# Synthesizer Gesucht



## thelighter2 (22. Dezember 2009)

Hallo ihr lieben,
ich suche jegliche art von SoftwareSynthesizer die sich besonders gut in Electro/Minimal Housemusik verwenden lassen.Sie sollten mit Logic Pro 9 verwendbar sein.

PS:Wenn einer von euch noch Namen von ein Paar gute Compressoren kennt,könnte er sie auch hier Posten.

LG Alex


----------



## sight011 (24. Dezember 2009)

Von Waves gibt es ganz gute Kompressoren - kosten aber auch ordentlich Asche!


----------



## lothar_matthäus (16. Februar 2010)

Synths kann man zb mit SynthEdit selber bauen oder mal bei Google eingeben.
"KVR" beschägtigt sich viel damit. Dort gibt/gab es Wettbewerbe in welchen selbstprogrammierte Synths gegeneinander antreten.
Diese sind in aller Regel kostenlos downloadbar.
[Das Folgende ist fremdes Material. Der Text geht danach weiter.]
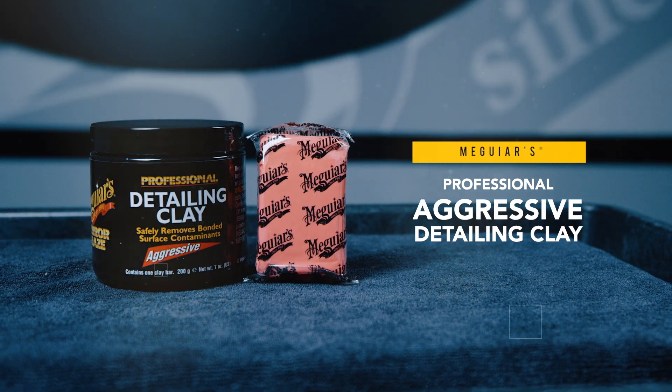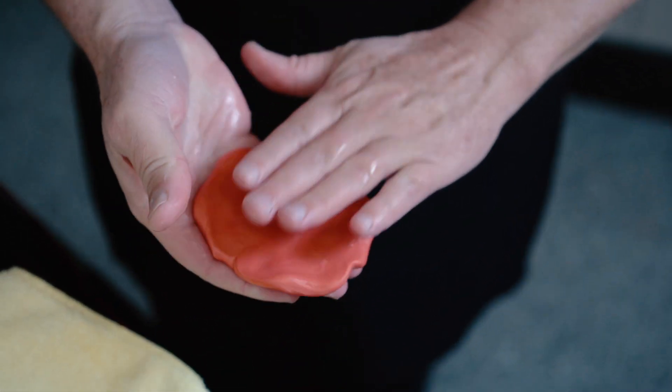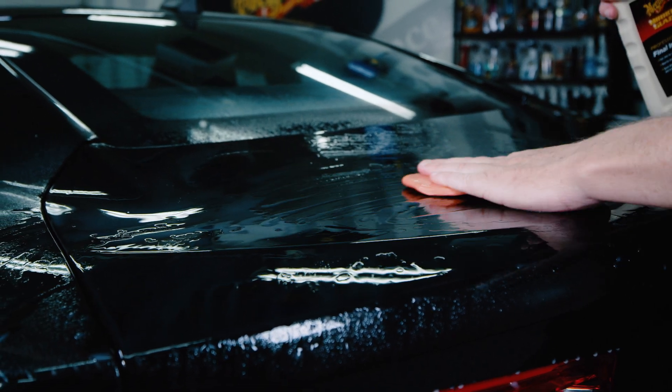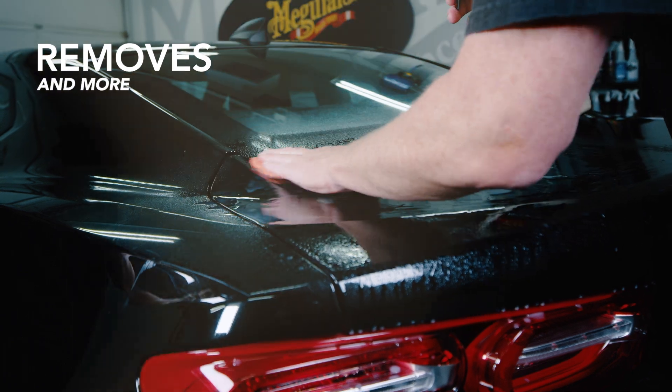Meguiar's Professional Aggressive Detailing Clay is the ideal choice for quickly and safely removing stubborn and severe contaminants bonded on top of your paint, such as overspray, industrial fallout, tar, tree sap mist, and more.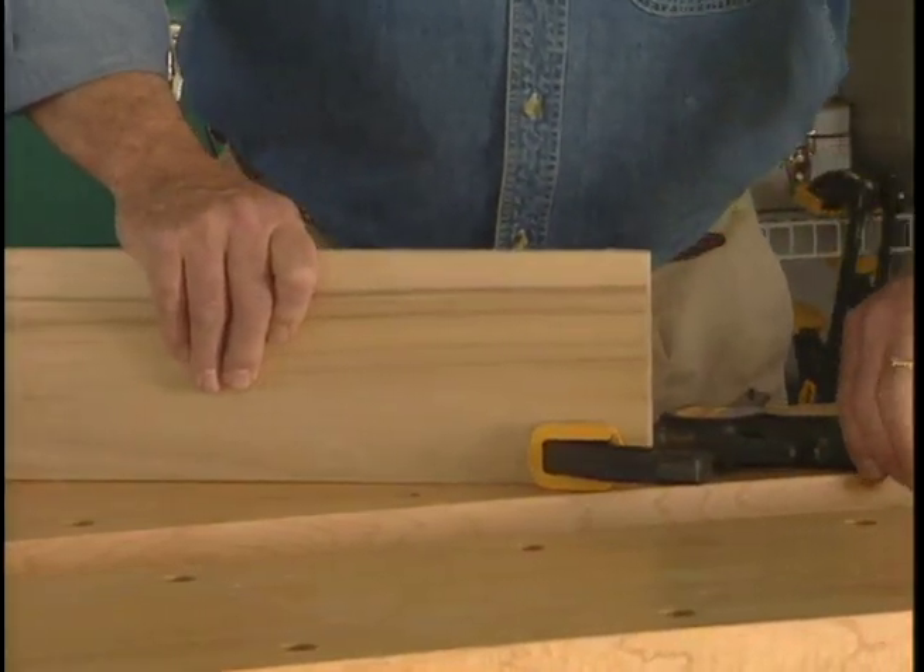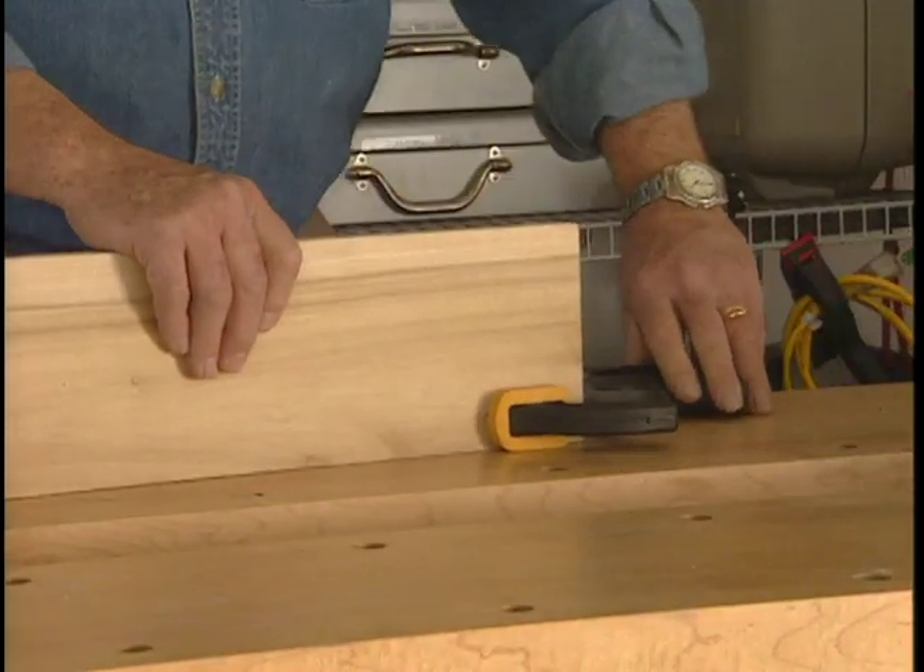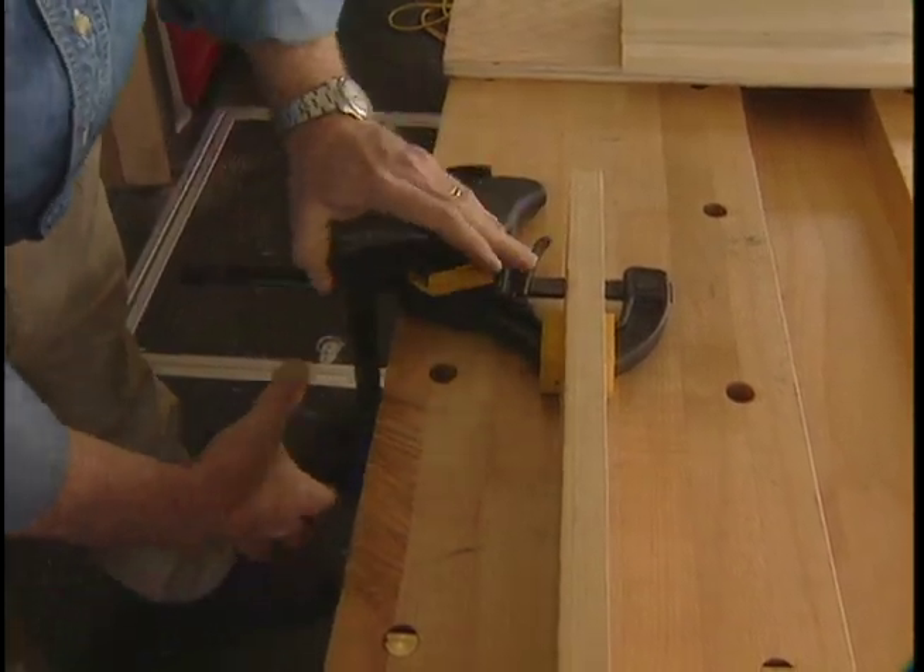To hold a piece of material in a vertical position, take one clamp and attach it to the material. With the second clamp, attach the first to the work bench.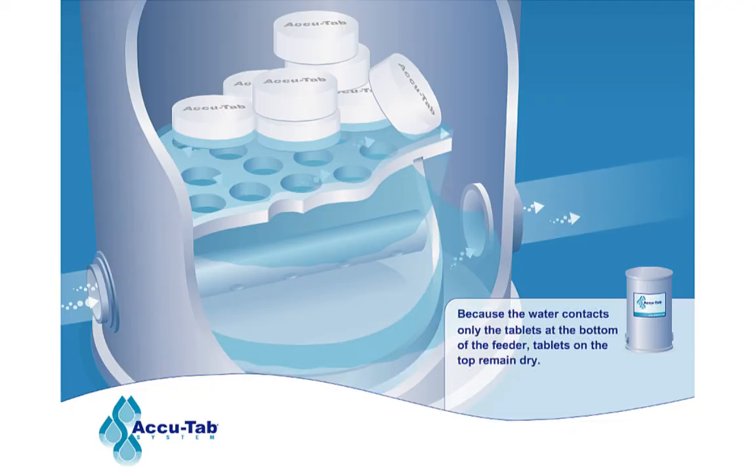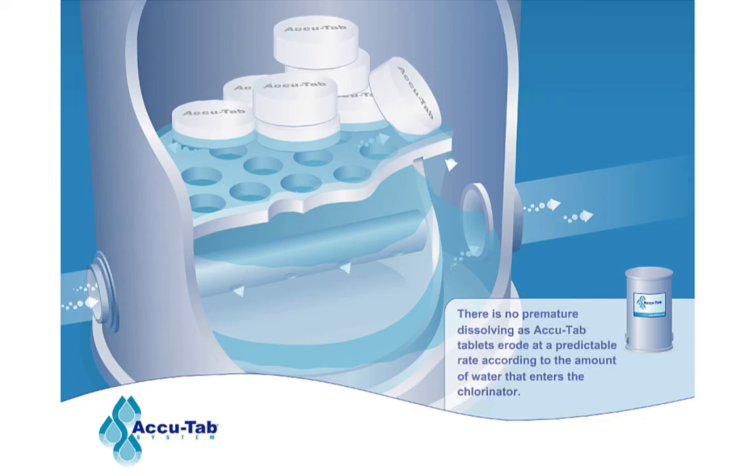Because the water contacts only the tablets at the bottom of the feeder, the tablets on the top remain dry. There is no premature dissolving, as AccuTab tablets erode at a predictable rate according to the amount of water that enters the chlorinator.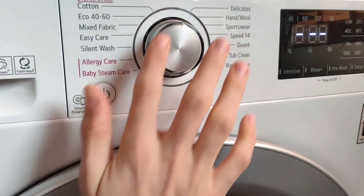The first program on the right side is delicates — a special gentle program for your delicates. Then we've got the wool program or hand wash. On this program, you can wash clothes that are not supposed to be washed in a washing machine because it will be as gentle as washing by hand. Then we've got a sportswear cycle, the fastest cycle which is Speed 14, a special cycle for washing a duvet, tub clean — a special program for cleaning the machine so do not put clothes in as this cycle needs to run empty — and the last one is rinse and spin.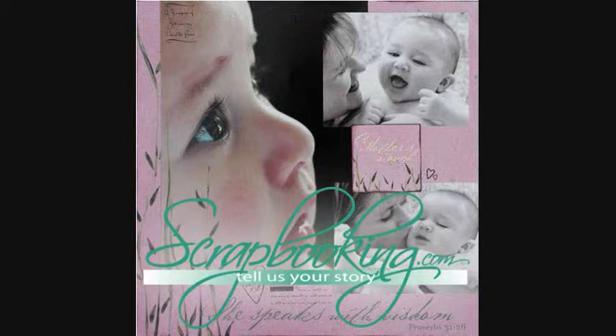We hope you've enjoyed this article from Scrapbooking.com magazine. For more creative inspiration, be sure to check out all of the great articles and projects in this month's issue.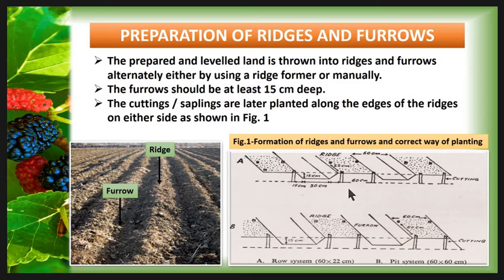This layout is for the row system. In the case of the peat system, the length of the furrow is about 60 cm and the length of the ridge is 60 cm, but the distance between two cuttings is 60 cm.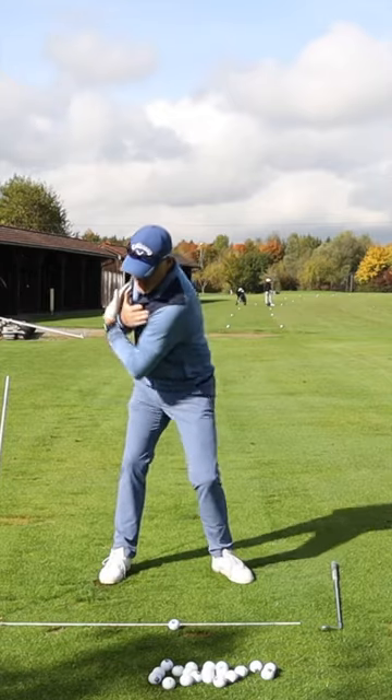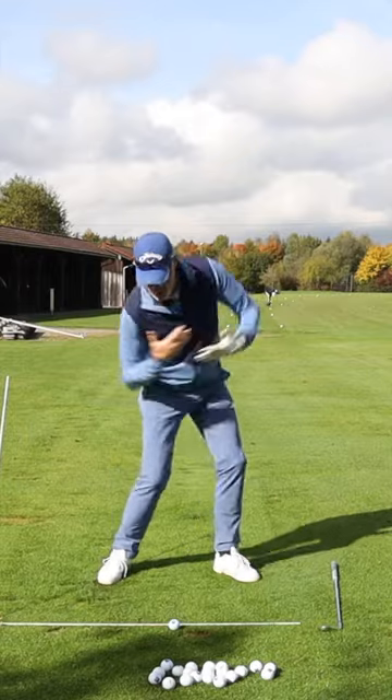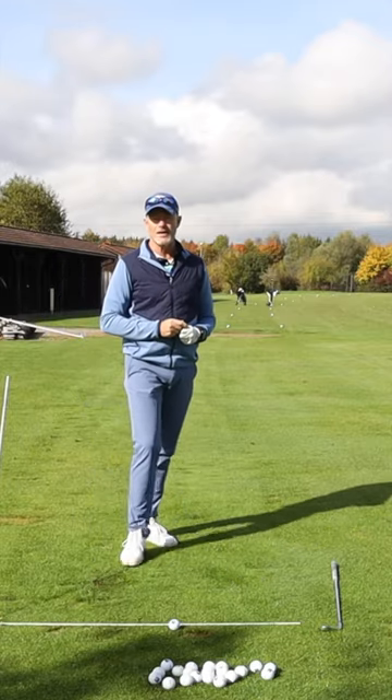You then want to combine that with the upper body movement, keeping your shoulders moving in plane and allowing your spine to stay tilted over the golf ball, despite the extension that your legs are going into.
Die meisten DAW´s haben implementierte Kompressoren.
Damit kann man schon viel anstellen, das Prinzip is eh fast immer gleich.

viel spass


----------



## monia (16. Februar 2010)

falls logic die rewire funktion hat, kann ich dir nur reason von propellerheads empfehlen, ist genau das richtige für die richtung.


----------